The budget surplus results in part in tax relief on the income tax and wealth tax side. And with a $1 billion surplus, that may be an expected and fair political decision.

Secondly, the budget serves to pay off the national debt, which also seems to be a good and responsible measure. Gianforte is doing what many would do if we suddenly inherited a pile of money. Debt repayment also helps position Montana for more capital investment capacity in the future and strengthen the state’s fiscal position, thereby lowering future capital raising costs.

One of the things that many Montanans should welcome and that legislators should approve quickly is a plan to put a significant portion of the surplus back into two ailing facilities, the Warm Springs State Hospital and the Deer Lodge State Penitentiary. The proposal calls for $300 million for Warm Springs and $200 million for Deer Lodge.

The Gianforte administration inherited a mess in both places. And for many governments, including the 16 former Democratic governors, both of those institutions were neglected dumpster fires from which both Steve Bullock and Brian Schweitzer distanced themselves admirably. However, as conditions worsened, the Gianforte government was on the brink of implosion in both places.

Regardless of other details in the budget (more on that in a moment), this budget must be viewed as a positive as it takes the surplus and invests significant cash, $500 million, in modernizing both facilities. Earlier I suggested that part of the problem might be location – it’s just difficult to recruit a mass of professionals for smaller communities like Warm Springs and Deer Lodge.

However, the state badly needs both institutions and needs both to be successful and well run. So if that’s the case, investing in these two neglected institutions seems not only responsible, but timely. In addition, we have the opportunity to invest in them without borrowing money or doing it cheaply. This is exactly how such a one-time surplus should be managed as an investment.
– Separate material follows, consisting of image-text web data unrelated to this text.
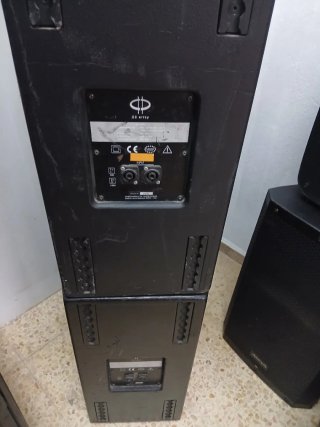 Altavoces pasivos medios y agudos Concept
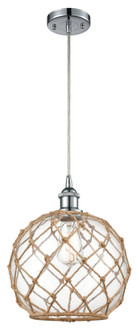 Ballston LED Mini Pendant in Polished Chrome (405|516-1P-PC-G122-10RB-LED)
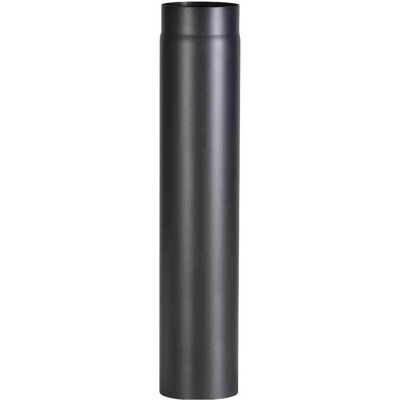 FireFix, Cheminée : accessoires, R150/7 Tube de poêle en acier de 2 mm d'épaisseur (tube de fumée) de 150 mm de diamètre, pour - Publicité FireFix, Cheminée : accessoires, R150/7 Tube de poêle en acier de 2 mm d'épaisseur (tube de fumée) de 150 mm de diamètre, pour - Publicité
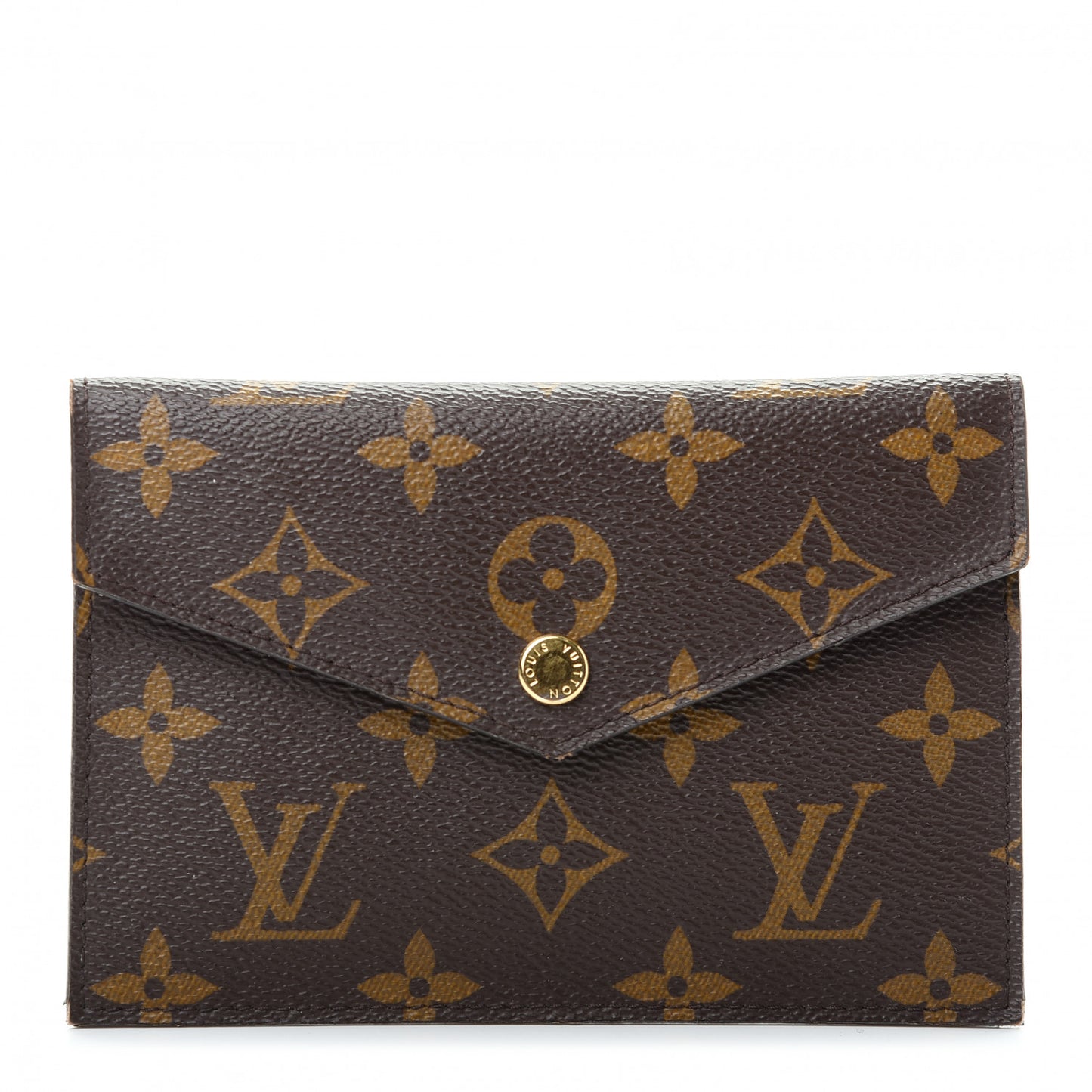 Monogram Daily Organizer Envelope Insert Black
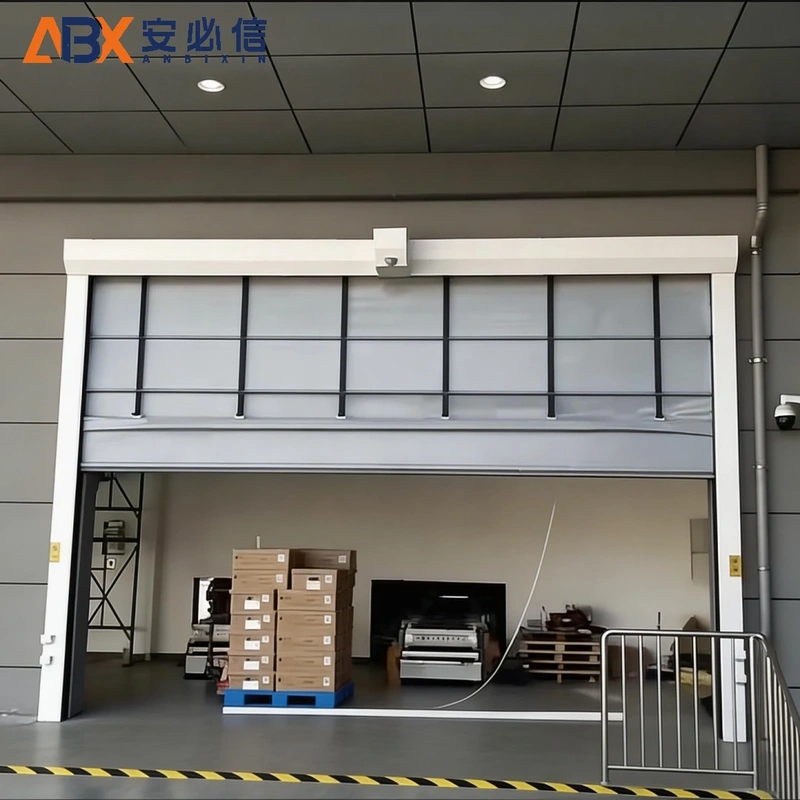 陇南市PVC堆积门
Certainly there are many parts of the budget that deserve the scrutiny of sharp-eyed legislators. For example, the proposed increase in funding for the Attorney General’s office to defend against civil claims (read: the legal problems caused by lawmakers by passing likely illegal bills). Perhaps the GOP-led lawmakers would be better served by drafting laws consistent with (ahem) the law rather than buying more lawyers.

I also hope that tax cuts and investments in our shackled institutions are not an excuse to cut more services. In other words, if we continue to cut taxes and reallocate money elsewhere, the administration will not use this as an excuse to cut services and programs in other departments because they claim they are running out of money or living beyond their means. As much as I don’t like paying taxes, I really like the schools my children go to, and I really like roads, libraries, and other services that my state tax dollars provide.

Still, I remain grateful that we have an abundance and that we’re investing some of it in systems that really need help. I hope that as we work through the fiendish details of the budget, we’ll remember that many families continue to struggle to find decent, affordable housing, that families are being barred from nursing home closures, and that the state is seeing a rise in homelessness among the elderly People Registered and Youth Work Services.